Parisi ricorda che non dobbiamo mai stancarci di denunciare l’antisemitismo, non soltanto quello esplicito; continuando a dire ad voce alta ciò che pensiamo, perché la libertà
di Israele – avamposto della nostra civiltà – è anche la nostra libertà. Secondo Parisi abbiamo una classe politica italiana, profondamente antisemita e non dobbiamo assolutamente farci prendere in giro, da qualcuno che va lì a sventolare la bandiera di Israele e il giorno dopo si allea con le forze più retrograde che ci sono in Europa, spesso antisemite.
Le ragioni del popolo ebraico sono le ragioni di tutto l’occidente, la libertà della sopravvivenza e dell’esistenza di Israele rappresenta il nostro futuro, e Parisi ritiene che il tema a riguardo sia molto più grave perché antisemitismo è anche quando l’Europa finanzia i paesi che vogliono la distruzione di Israele.
Parisi pone l’accento sul fatto che il popolo Israeliano, vivendo sotto la costante minaccia, abbia il diritto a difendersi, ed ha fortunatamente un governo, che adotta tutte le misure
necessarie per farlo. Per il popolo ebraico, il valore della vita è un fatto straordinario, mentre in Europa – sottolinea – non è così, ma c’è solo molta retorica, in Israele invece c’è
dolore, perché il terrorismo è la minaccia per ogni Israeliano ogni giorno.

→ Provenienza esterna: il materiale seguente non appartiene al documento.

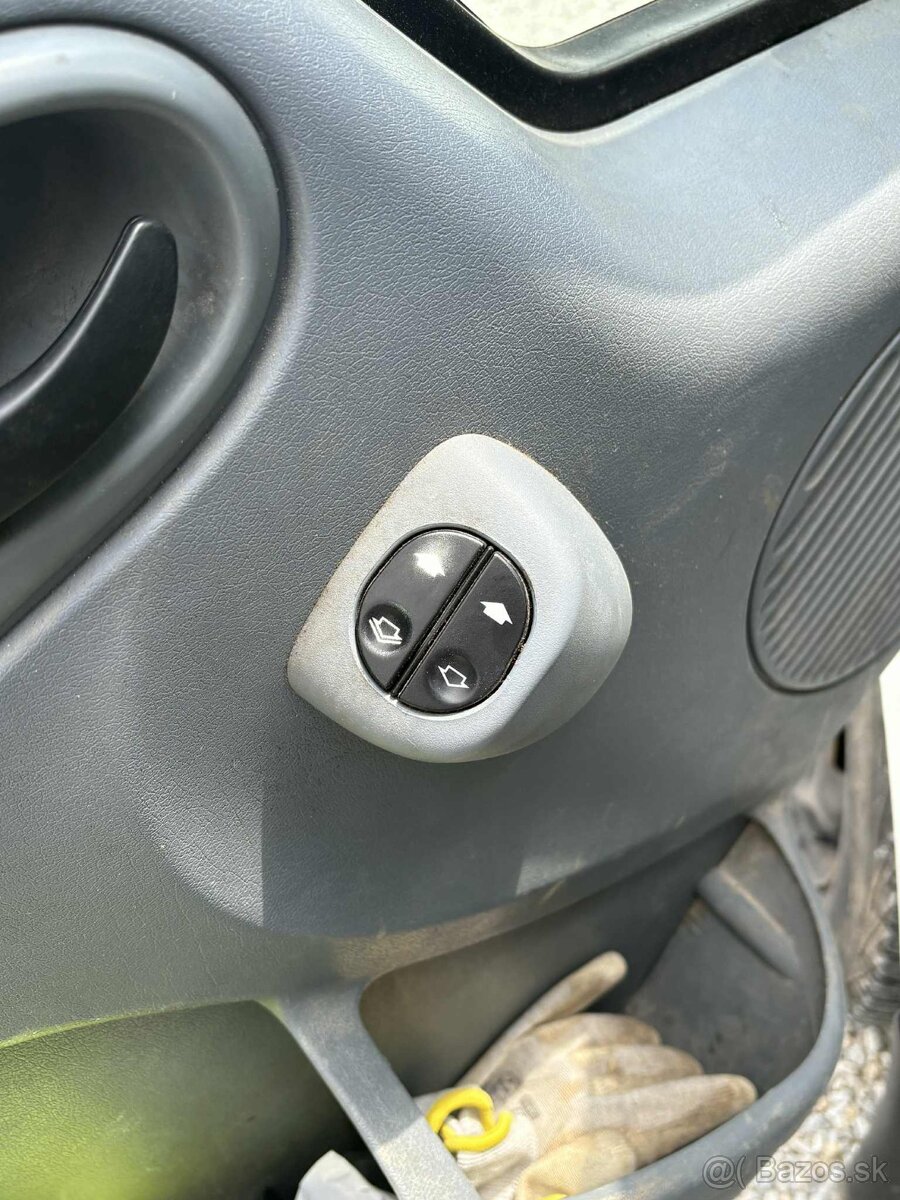 Ford Transit - 7-miestny valník - 7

“Per quale motivo il movimento LGBT in Italia è contro Israele ed è filopalestinese? Io non ho mai visto un gay pride più bello e più potente di quello che si svolge a Tel Aviv –
afferma Parisi – mentre gli omosessuali a Gaza e in diversi paesi arabi vengono uccisi.

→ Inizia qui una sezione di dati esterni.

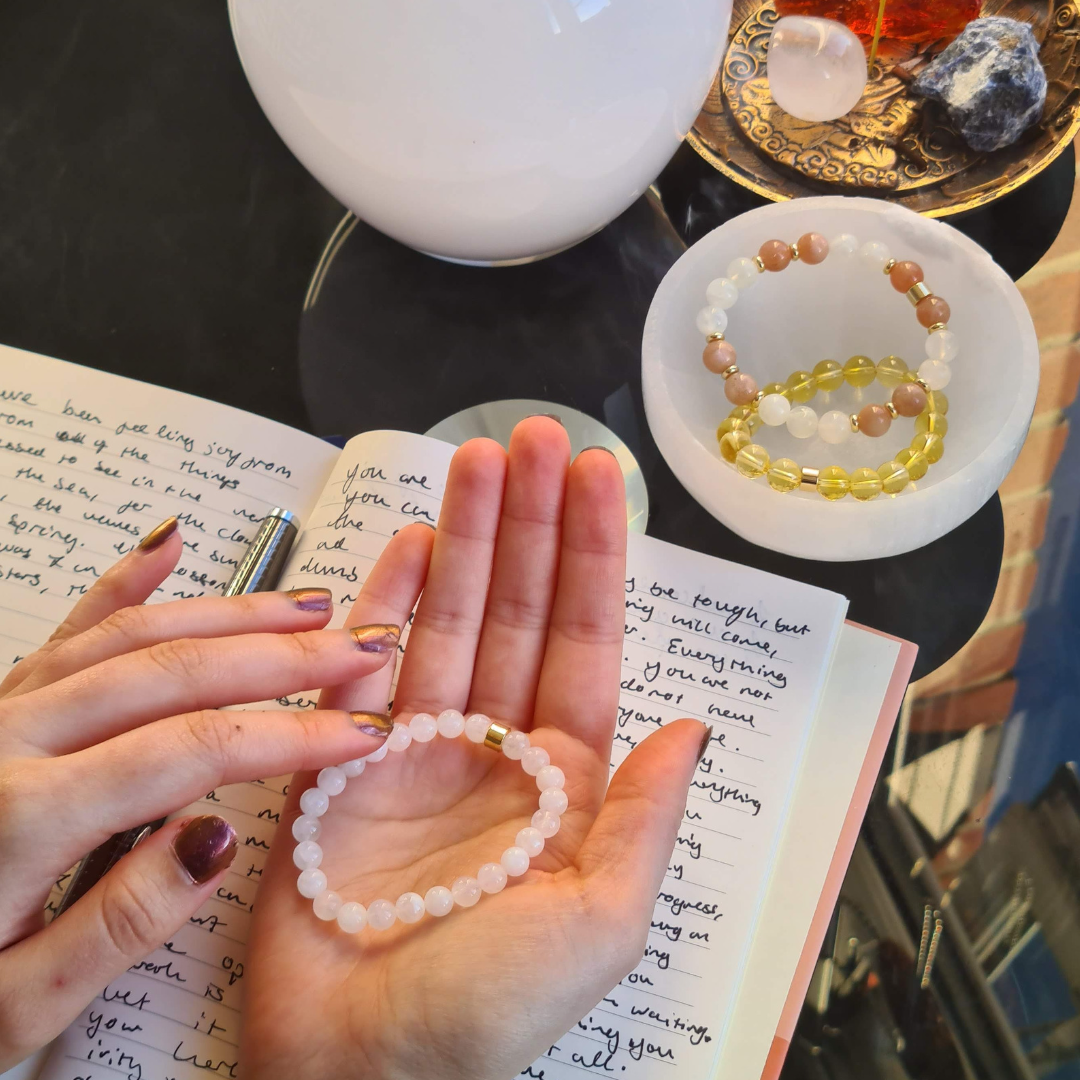 Manifesting with your Samayla Jewellery. Using crystals to manifest.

Ma come mai quindi gli LGBT italiani sono antisionisti pensando che Israele sia un paese dell’apartheid ? A che livello arriva l’odio contro gli ebrei? Perché questo succede?”
L’amore di Amos Oz per il proprio popolo
Paolo Lepri, quirinalista e giornalista professionista, inizia l’intervento rendendo omaggio al celebre scrittore israeliano Amos Oz, recentemente scomparso; definendolo un uomo buono, un personaggio singolo, per il suo impegno e la capacità di coniugare la memoria incancellabile delle sofferenze del suo popolo con le sue responsabilità e per la sua battaglia
contro il fanatismo.
Ricorda poi Uri Grossman, figlio del famoso scrittore David Grossman, morto a vent’anni in Libano, da soldato, per difendere il proprio paese.
“Guerra e Pace – dichiara Lepri- non sono due concetti astratti ma sono due realtà sempre presenti, in particolare se ci riferiamo a questa parte del mondo”.
Parlare di pensiero dominante per Lepri è rischioso sia in passato sia oggi, perché si fa torto all’intelligenza delle singole persone. È indubbio che negli ultimi decenni del secolo
scorso, la stampa internazionale e la stampa italiana abbia avuto un atteggiamento squilibrato e una posizione sbilanciata nei confronti di Israele, anche se non sempre le critiche legittime possono essere definite come episodi di antisionismo o antisemitismo; due termini però il cui sovrapporsi sta diventando sempre più frequente.
Secondo Lepri, la negazione del millenario legame degli ebrei con la Terra Santa ha molto spesso “flirtato” con l’antisemitismo, fenomeno diventato oggi meno politico, ma bensì un
cemento identitario, in cui gruppi di fazioni, o comunità si riconoscono.
È quindi necessario combatterlo con ancora maggiore forza, facendo delle barriere morali, perché ci siamo adeguati a una leadership politico-culturale italiana che sta
facendo cadere alcune barriere morali. Motivo per il quale non bisogna arretrare nemmeno di un centimetro, urge anzi un’opera di denuncia e pedagogia, responsabilità che spetta in primis a stampa ed istituzioni.
Cita, infatti, la Germania, dove la commissione governativa per la lotta contro l’antisemitismo sta facendo un buon lavoro di educazione, del personale politico, all’interno delle scuole e una massiccia opera di persuasione all’interno delle comunità musulmane. “Israele è la grande barriera morale contro tutti i tipi di fascismo.”